Humala traça alianças para 2º turno

Primeiro colocado, nacionalista peruano promete ''grandes concessões'' para evitar que candidatos derrotados apoiem Keiko Fujimori

Renata Miranda, O Estado de S.Paulo

12 de abril de 2011 | 00h00

ENVIADA ESPECIAL / LIMA

O nacionalista Ollanta Humala e a congressista Keiko Fujimori começavam ontem negociações de possíveis alianças políticas para dar início à elaboração de suas estratégias para o segundo turno das eleições presidenciais no Peru, marcado para 5 de junho.

Logo após a divulgação dos primeiros resultados na noite de domingo, tanto Humala quanto Keiko expressaram sua disposição ao diálogo na busca de consensos.

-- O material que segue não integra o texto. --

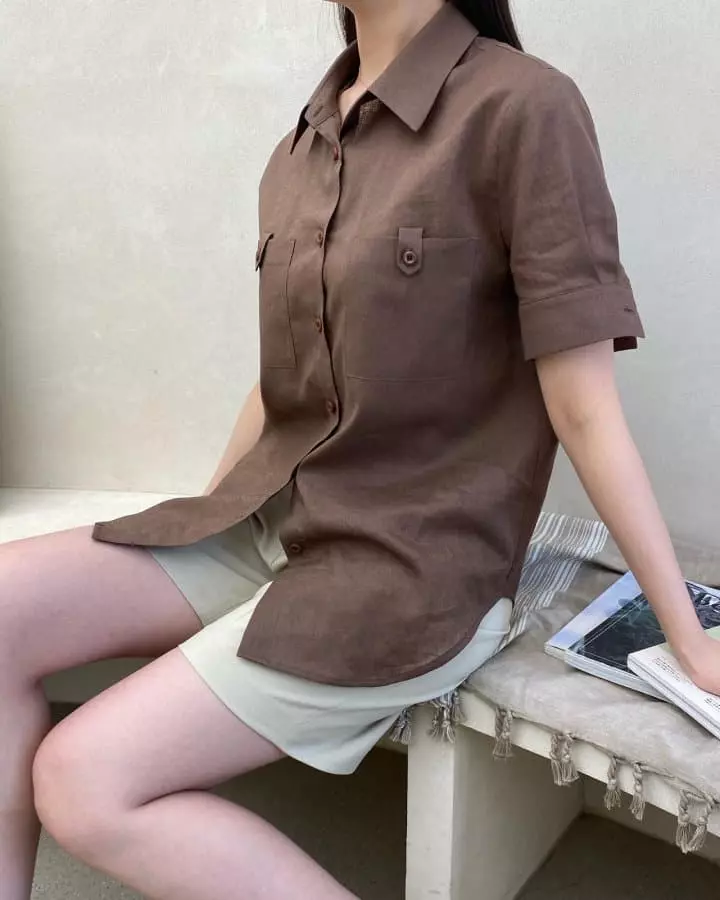 Boheme - Korean Women Fashion - #womensfashion - Vintage Shirt - 6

Humala disse até que estaria disposto a fazer "muitas concessões" para chegar a um governo de unidade e, ontem, afirmou que estava disposto a conversar com "todos os partidos políticos". "Chamamos todas as forças sociais e trabalhistas que queiram se juntar a esta convocatória", disse Humala.

Ontem, enquanto a propaganda eleitoral dos candidatos derrotados era removida das ruas de Lima, fontes ligadas ao Gana Perú, partido de Humala, já buscavam figuras respeitadas na política para a formação de um possível gabinete.

O porta-voz da legenda, Daniel Abugattás, disse ao jornal Peru.21 que Humala assumiria um discurso mais moderado acompanhado de gestos como a aproximação de Beatriz Merino, ex-primeira-ministra durante o governo de Alejandro Toledo, a quem teria oferecido o mesmo cargo em um eventual gabinete nacionalista.

"A tendência agora é que Humala tente se aproximar de pessoas com um histórico de respeito à democracia, com uma inclinação mais à direita, mas que acreditam em seu modelo nacionalista", afirmou ao Estado a analista política Jacqueline Fowks. "Outra aliança possível seria entre Humala e o partido Perú Posible, de Toledo."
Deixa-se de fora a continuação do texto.